In a recent op-ed piece in the San Francisco Chronicle, Brett Joshpe stated that “Gun advocates will be hard-pressed to explain why the average American citizen needs an assault weapon with a high-capacity magazine other than for recreational purposes.”We agree with Kevin D. Williamson (National Review Online, December 28, 2012): “The problem with this argument is that there is no legitimate exception to the Second Amendment right that excludes military-style weapons, because military-style weapons are precisely what the Second Amendment guarantees our right to keep and bear.”

“The purpose of the Second Amendment is to secure our ability to oppose enemies foreign and domestic, a guarantee against disorder and tyranny. Consider the words of Supreme Court Justice Joseph Story”: ‘The importance of this article will scarcely be doubted by any persons, who have duly reflected upon the subject. The militia is the natural defense of a free country against sudden foreign invasions, domestic insurrections, and domestic usurpations of power by rulers. It is against sound policy for a free people to keep up large military establishments and standing armies in time of peace, both from the enormous expenses, with which they are attended, and the facile means, which they afford to ambitious and unprincipled rulers, to subvert the government, or trample upon the rights of the people. The right of the citizens to keep and bear arms has justly been considered, as the palladium of the liberties of a republic; since it offers a strong moral check against the usurpation and arbitrary power of rulers; and will generally, even if these are successful in the first instance, enable the people to resist and triumph over them.’

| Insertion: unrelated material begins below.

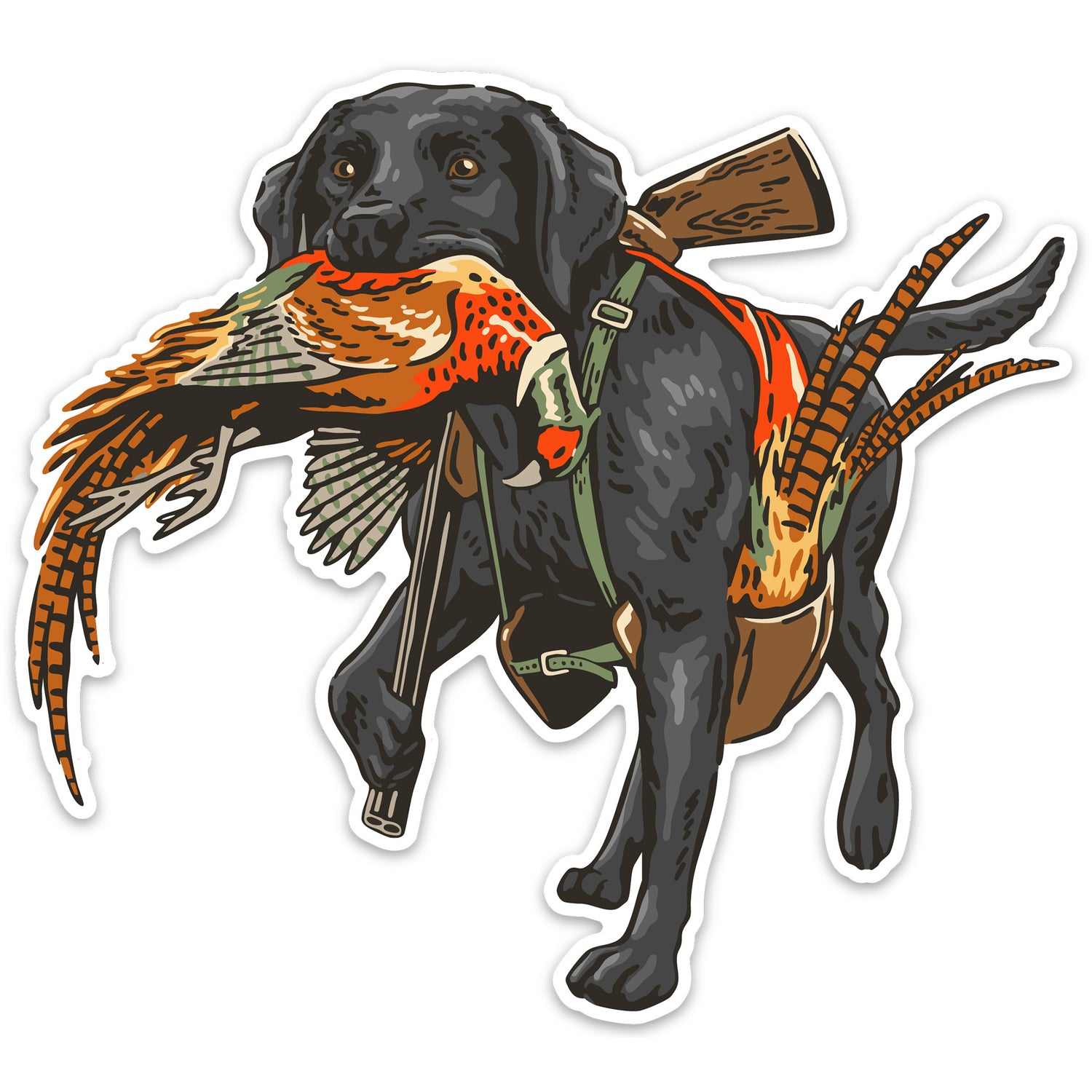 Rooster Retriever Decal Sticker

The Second Amendment has been ruled to specifically extend to firearms “in common use” by the military by the U.S. Supreme Court ruling in U.S. v Miller (1939). In Printz v U.S. (1997) Justice Thomas wrote: “In Miller we determined that the Second Amendment did not guarantee a citizen’s right to possess a sawed-off shot gun because that weapon had not been shown to be “ordinary military equipment” that could “could contribute to the common defense”.

A citizen’s right to keep and bear arms for personal defense unconnected with service in a militia has been reaffirmed in the U.S. Supreme Court decision (District of Columbia, et al. v Heller, 2008). The Court Justice Scalia wrote in the majority opinion: “The Second Amendment protects an individual right to possess a firearm unconnected with service in a militia, and to use that arm for traditionally lawful purposes, such as self-defense within the home.“. Justice Scalia went on to define a militia as “… comprised all males physically capable of acting in concert for the common defense ….”
“The Anti-Federalists feared that the Federal Government would disarm the people in order to disable this citizens’ militia, enabling a politicized standing army or a select militia to rule. The response was to deny Congress power to abridge the ancient right of individuals to keep and bear arms, so that the ideal of a citizens’ militia would be preserved.” he explained.

On September 13, 1994, the Federal Assault Weapons Ban went into effect. A Washington Post editorial published two days later was candid about the ban’s real purpose:“[N]o one should have any illusions about what was accomplished [by the ban]. Assault weapons play a part in only a small percentage of crime. The provision is mainly symbolic; its virtue will be if it turns out to be, as hoped, a stepping stone to broader gun control.”

In a challenge to the authority of the Federal government to require State and Local Law Enforcement to enforce Federal Law (Printz v United States) the U.S. Supreme Court rendered a decision in 1997. For the majority opinion Justice Scalia wrote: “…. this Court never has sanctioned explicitly a federal command to the States to promulgate and enforce laws and regulations When we were at last confronted squarely with a federal statute that unambiguously required the States to enact or administer a federal regulatory program, our decision should have come as no surprise….. It is an essential attribute of the States’ retained sovereignty that they remain independent and autonomous within their proper sphere of authority.”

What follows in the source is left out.